Resuena el trueno entre los cocos

El primer film de ficción de Mascaro se interna en un pequeño pueblo costero nordestino para encontrar allí bastante más que mar y playa: un cementerio que es barrido por las aguas y un pescador más obsesionado por la muerte que por la vida.

› Por Horacio Bernades

“Relato de marco documental con embriones de ficción”, podría definir algún espíritu científico ante Vientos de agosto, primer atisbo ficcional del nativo de Recife Gabriel Mascaro, con antecedentes en el documental. Presentada en festivales internacionales entre los últimos meses de 2014 y los primeros de 2015 (incluyendo los de Locarno y Mar del Plata, donde fue parte de la Competencia Internacional), la película del treintañero Mascaro tiene lugar en un pequeño caserío pesquero del estado nordestino de Alagoas. Uno de esos parajes que parecen “bendecidos por Dios y bonitos por naturaleza”, como decía la canción. Pero la mirada de Mascaro no es la de un turista. De modo casi imperceptible, tirando líneas tan leves como las de un plumín, el realizador va señalando, en el curso del relato, insatisfacciones, desajustes, discordancias que subyacen a ese paraíso tropical en el que todo parecería ser sol, mar, una calma más allá del tiempo y la historia. Entre esas discordancias, la mayor de todas: la muerte, que viene hasta la playa así como el mar arrastra cadáveres hasta ella.

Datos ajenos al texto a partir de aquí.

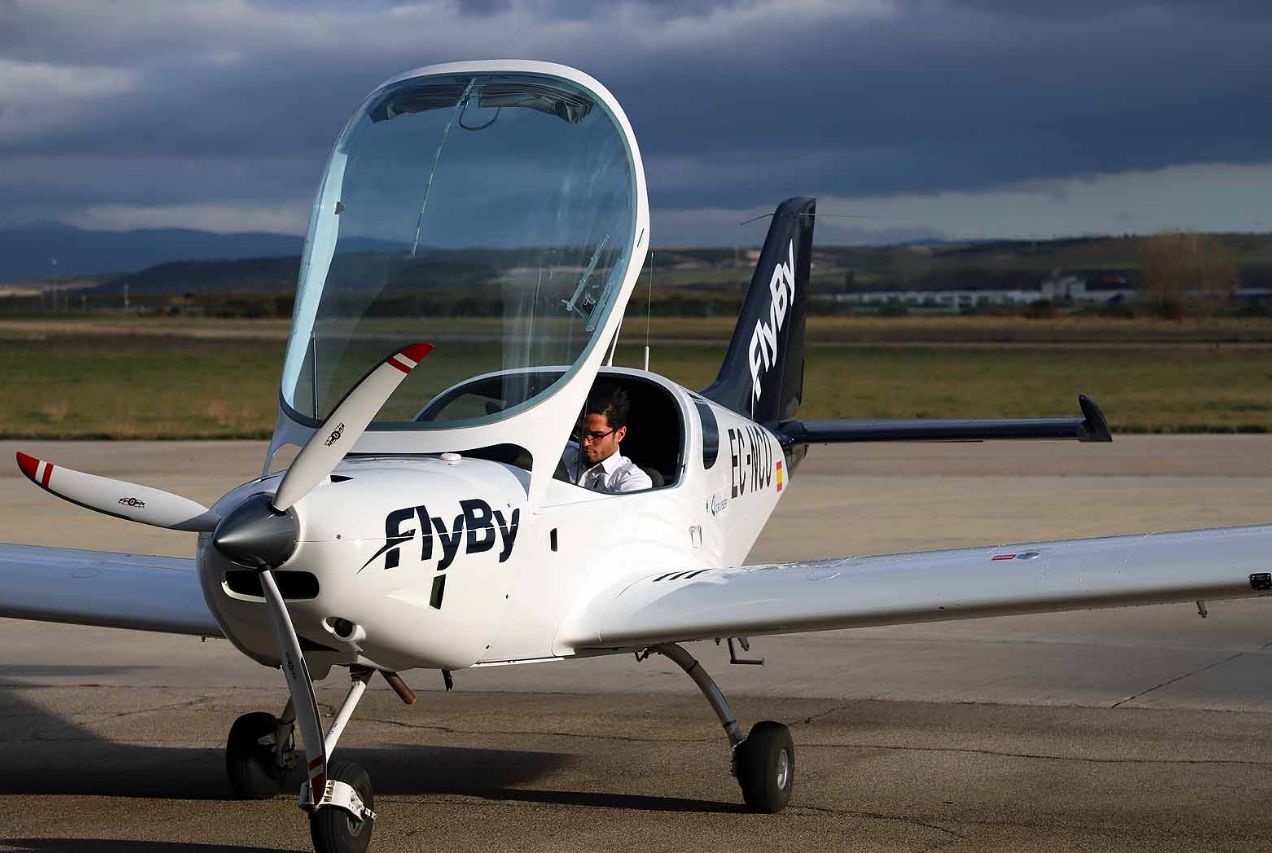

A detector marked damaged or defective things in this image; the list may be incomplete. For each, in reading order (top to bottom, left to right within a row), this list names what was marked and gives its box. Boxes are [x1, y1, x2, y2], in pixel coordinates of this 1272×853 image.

Jeison tiene nombre de navegante mítico y pesca con arpón (de a ratos), para complacer a su padre, que no está muy conforme con él. Así como Jeison no está muy conforme con lo que hace. Pesca pulpos, mientras la morocha Shirley toma sol en el chinchorro. Para tomar color oscuro, Shirley se pasa Coca-Cola por la piel: atención con la técnica. Mientras toma sol, escucha música. No escucha frevo, ni pop, ni hip-hop: escucha punk y heavy metal. Signo de un desfase real: Shirley no es de la zona, es de la ciudad. Vino hasta el pueblito a cuidar de la abuela, que no puede movilizarse por sí sola. Pero Shirley se aburre ahí. Para hacer algo, o para ganar unos pesos, maneja el camión que todas las tardes lleva los cocos recogidos durante el día. Como Jeison la acompaña, siempre hacen una parada para hacer el amor entre los cocos. Un día, durante uno de sus buceos Jeison encuentra una calavera con dientes de oro, y se interesa por ella. Otro día, en la playa aparece un cadáver con la panza hinchada, y lo suyo pasa de interés a obsesión. La muerte, de pronto, parece importarle más que la vida.

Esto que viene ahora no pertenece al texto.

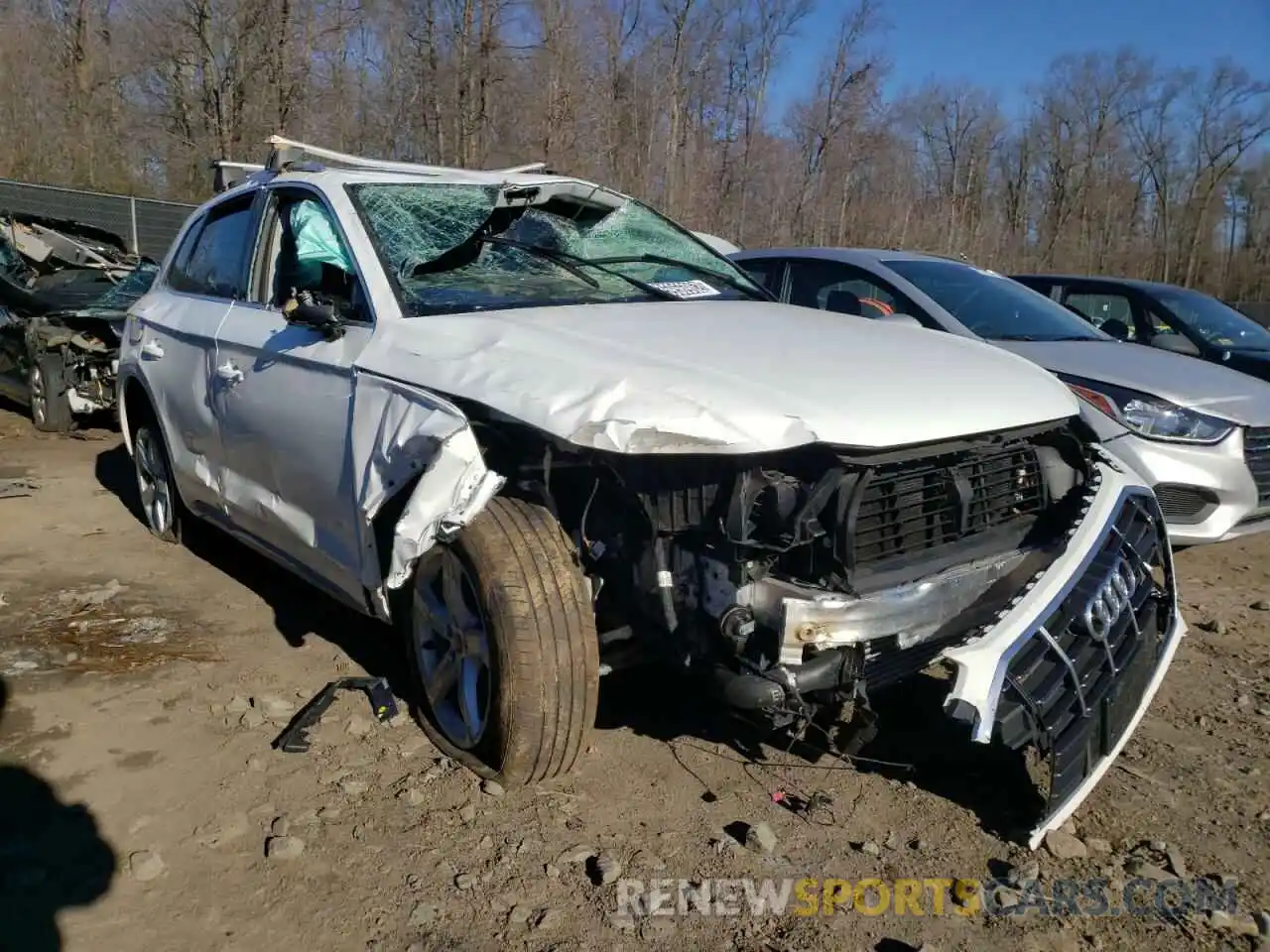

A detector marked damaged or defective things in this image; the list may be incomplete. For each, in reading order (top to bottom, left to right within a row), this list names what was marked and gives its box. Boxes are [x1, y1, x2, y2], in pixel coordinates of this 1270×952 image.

shattered windshield [93, 261, 159, 309]
damaged side mirror [284, 298, 347, 347]
shattered windshield [347, 183, 762, 318]
crumpled hood [357, 302, 1081, 456]
shattered windshield [883, 259, 1112, 345]
crumpled hood [995, 340, 1270, 426]
damaged fender [352, 373, 505, 619]
wrecked white audi suv [114, 135, 1183, 848]
crushed silver car [114, 135, 1183, 848]
crushed front end [543, 414, 1178, 848]
damaged front bumper [741, 459, 1183, 853]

La narración de Vientos de agosto se organiza por líneas de fuga, líneas de puntos a completar por el espectador. O tal vez sean olas narrativas, que vienen y van. La relación entre campo y ciudad, representada por Shirley y por un sonidista que de pronto aparece en medio del pueblo, con sus equipos de última generación, para grabar el sonido de algo tan elemental como el viento. El sonidista desaparece tan bruscamente como apareció: una noche de tormenta eléctrica, en medio de la playa, espasmódicamente iluminada por relámpagos. La relación entre sexo y muerte. El gag solitario sobre la ausencia de autoridad, cuando Jeison lleva el cadáver a la comisaría del pueblo cercano y lo único que encuentra es un preso que dice haber sido arrestado por error. El detalle documental: el vendedor ambulante de marcos para fotos familiares, la técnica para escalar y bajar a velocidad de los cocoteros, el pequeño cementerio de los marineros construido sobre la playa, que el crecimiento de las mareas amenaza con barrer, producto del calentamiento global. Y que Jeison está más preocupado por proteger que el resto de la costa. Esa por la que andan los vivos.